The announcement came at the same time as Ctrip released its 2016 Q3s – net revenues of $836 million.
CEO Jane Sun chimed in that Skyscanner margins usually come in at around 20-25% and that the business was profitable.
Skyscanner team got the Ctrip’s CEO seal of approval. “They are strong, very lean, quick learners and have been very aggressive in expanding their brand and services.”
Ctrip execs also hinted at the synergies between Ctrip and Skyscanner. The repeated references to “booking capabilities” hints at something to watch as Skyscanner and Ctrip start working together.
One of the analysts asked about the future relationship between Skyscanner and Travelfusion, the UK-based B2B content aggregator in which Ctrip took a majority stake at the start of 2015.
CFO Cindy Wang said:
“Skyscanner as a metasearch is at the higher end of the traffic funnel while Travelfusion is more on the supply side. We have a plan that Skyscanner will gain access to Ctrip’s flight and also Travelfusion’s product offerings.”
CEO and co-founder Gareth Williams says Skyscanner, which will remain an independently run division of Ctrip, can “learn a lot” from its new owner, not least because he feels that the business has plenty of room for growth.
Skyscanner has around 60 million monthly users and is available in 30 countries, with Europe its strongest market.

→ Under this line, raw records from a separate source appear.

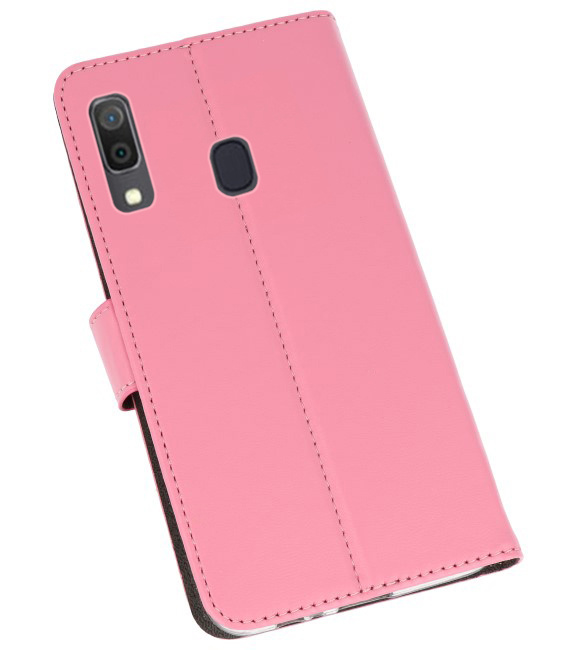 Wallet Cases Hülle für Samsung Galaxy A30 Pink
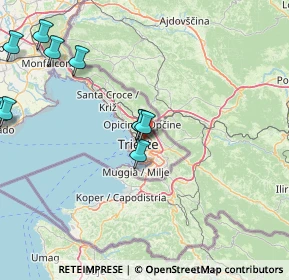 Mappa Universita' degli studi di Trieste, 34127 Trieste TS, Italia (21.91167)
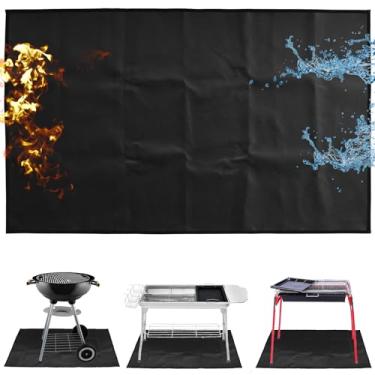 Imagem de Tapetes para churrasqueira ao ar livre, à prova de fogo, deck e pátio, à prova d'água, para fogueira reutilizável, à prova de óleo, para churrasco ao ar livre, óleo de carvão, fritadeira e defumadores
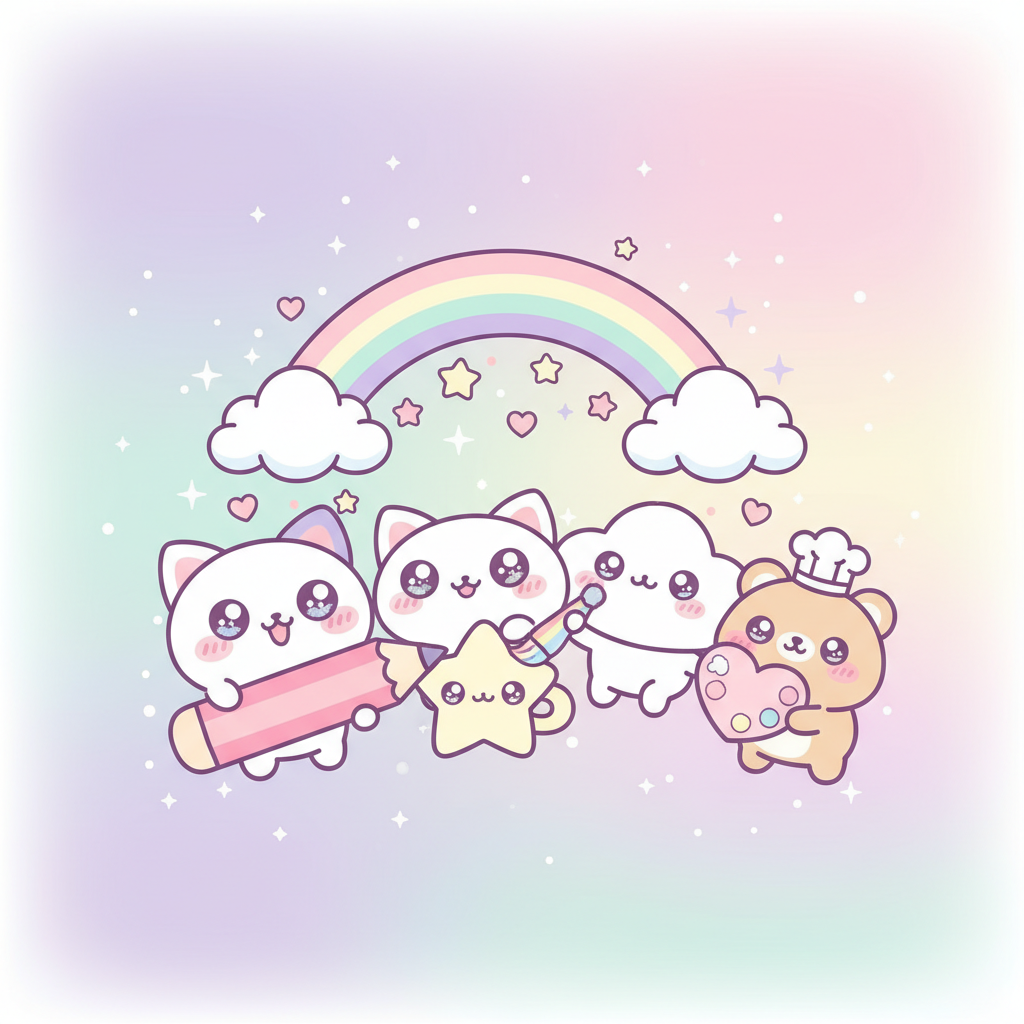 Desenhar e Colorir Kawaii Fácil: Guia Passo a Passo Adorável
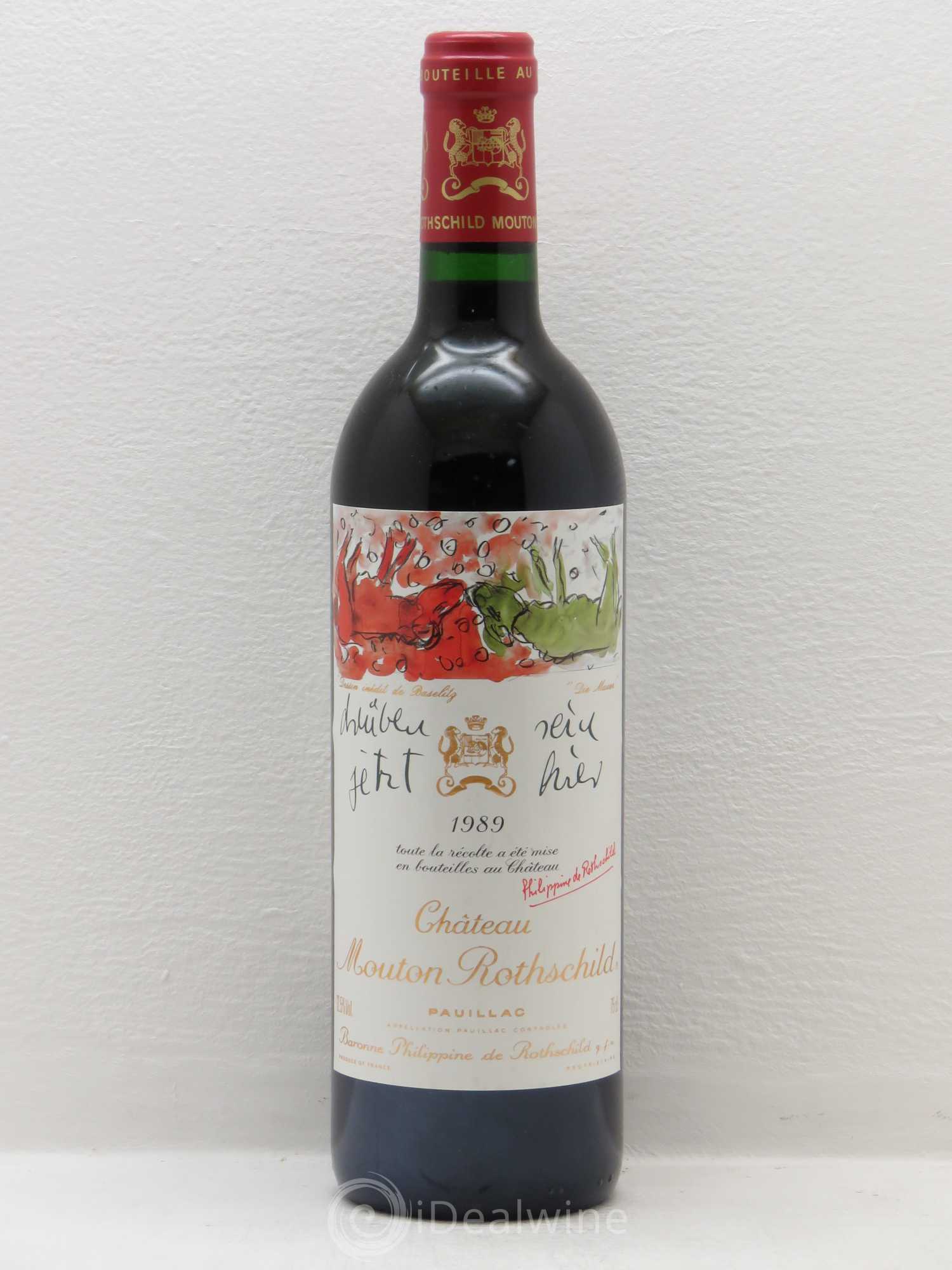 Château Mouton Rothschild 1er Grand Cru Classé 1989 - Lot de 1 bouteille - 0
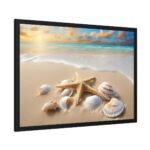 Sandy Beach With Seashells I Framed Poster - Image 2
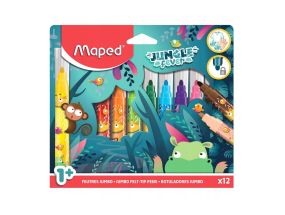 Viltpliiatsid MAPED Jungle Fever Jumbo 12 värvi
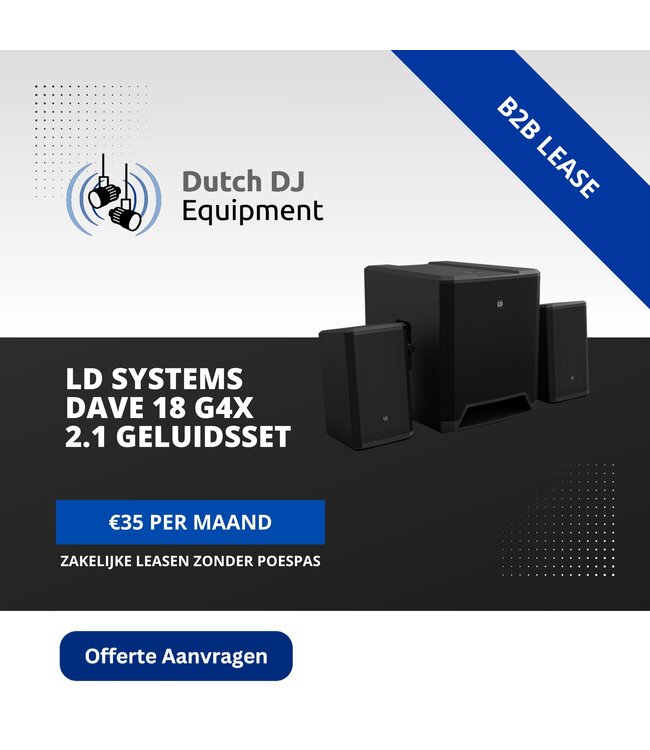 LD Systems DAVE 18 G4X  2.1 geluidsset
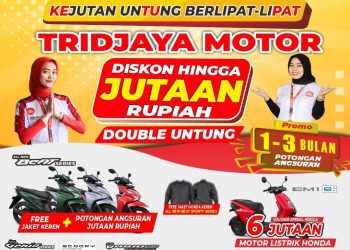 THR Banyak? Saatnya Beli Motor Baru di Tridjaya Motor, Banyak Bonusnya!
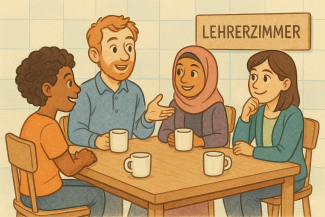 Die Expertengruppe am Tisch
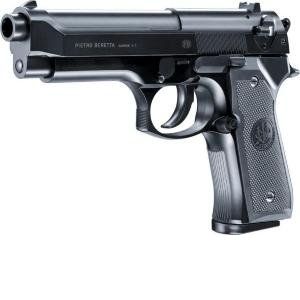 Umarex Pack Beretta Mod.92 FS Spring Noir Culasse Metal Ressort 0.5 Joule + Sachet 2000 Billes en 0.20G (LYNXAB, neuf)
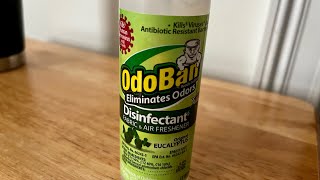 OdoBan Disinfectant Spray Review [upl. by Ahsie]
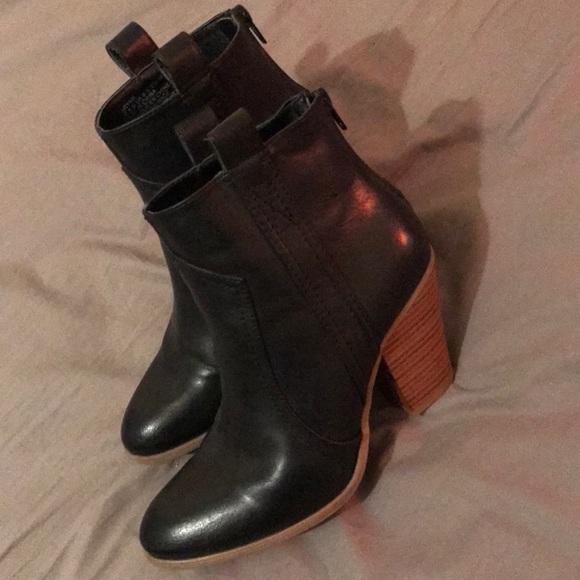 Block Heel Booties - Picture 5 of 5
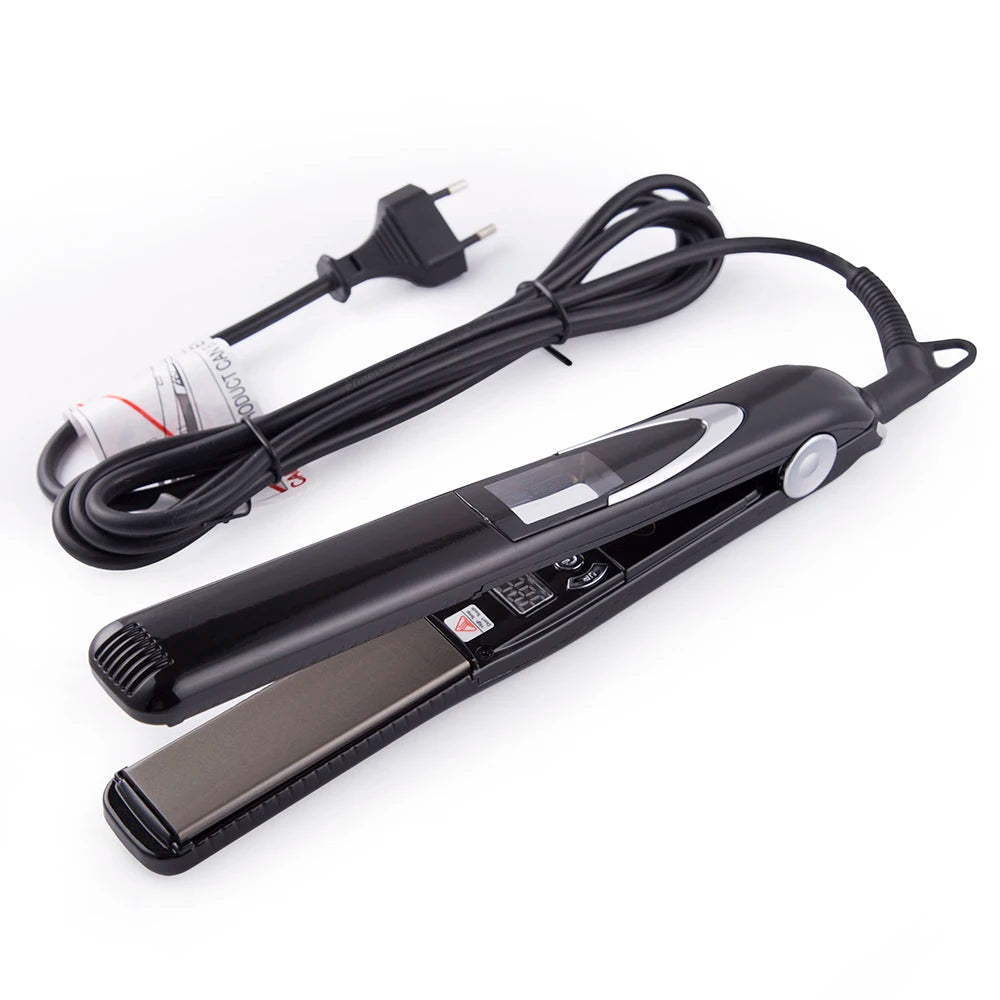 RUCHA Vibrating Hair Straightener Professional Titanium Plate Keratin Vibrate Massage 450F Flat Iron Fast Heating Hair Irons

Ctrip’s deal to acquire Skyscanner comes almost four years to the day since the Priceline Group bought Kayak, and for a similar amount at $1.8 billion.
Some speculators argued that Skyscanner might make a handy target for the Priceline Group to shore up its metasearch business in Europe and Asia-Pacific, where Skyscanner is beginning to make in-roads. In a way, though not directly, it has.
The Priceline Group has a minority stake (15%) in Ctrip.